■ What is needed
Can you find the lines of the listing that include "Chapter" and copy every one?

━━━

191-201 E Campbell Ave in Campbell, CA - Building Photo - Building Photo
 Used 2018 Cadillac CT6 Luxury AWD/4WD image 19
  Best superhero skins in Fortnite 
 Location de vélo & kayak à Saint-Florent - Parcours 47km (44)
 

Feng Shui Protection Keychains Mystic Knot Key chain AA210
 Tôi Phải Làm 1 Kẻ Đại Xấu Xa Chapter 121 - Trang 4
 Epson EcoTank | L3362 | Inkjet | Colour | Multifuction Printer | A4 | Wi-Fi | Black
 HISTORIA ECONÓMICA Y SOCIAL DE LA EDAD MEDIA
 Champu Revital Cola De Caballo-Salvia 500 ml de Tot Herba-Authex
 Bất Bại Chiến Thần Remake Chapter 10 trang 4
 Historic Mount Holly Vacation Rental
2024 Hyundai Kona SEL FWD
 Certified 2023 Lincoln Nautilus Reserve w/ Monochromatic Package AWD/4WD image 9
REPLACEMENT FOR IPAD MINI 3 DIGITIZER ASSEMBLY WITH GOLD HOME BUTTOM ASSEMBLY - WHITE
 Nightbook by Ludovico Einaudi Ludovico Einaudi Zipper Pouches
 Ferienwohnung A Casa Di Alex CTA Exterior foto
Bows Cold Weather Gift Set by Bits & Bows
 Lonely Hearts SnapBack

━━━

■ Reply to the exercise
 Tôi Phải Làm 1 Kẻ Đại Xấu Xa Chapter 121 - Trang 4
 Bất Bại Chiến Thần Remake Chapter 10 trang 4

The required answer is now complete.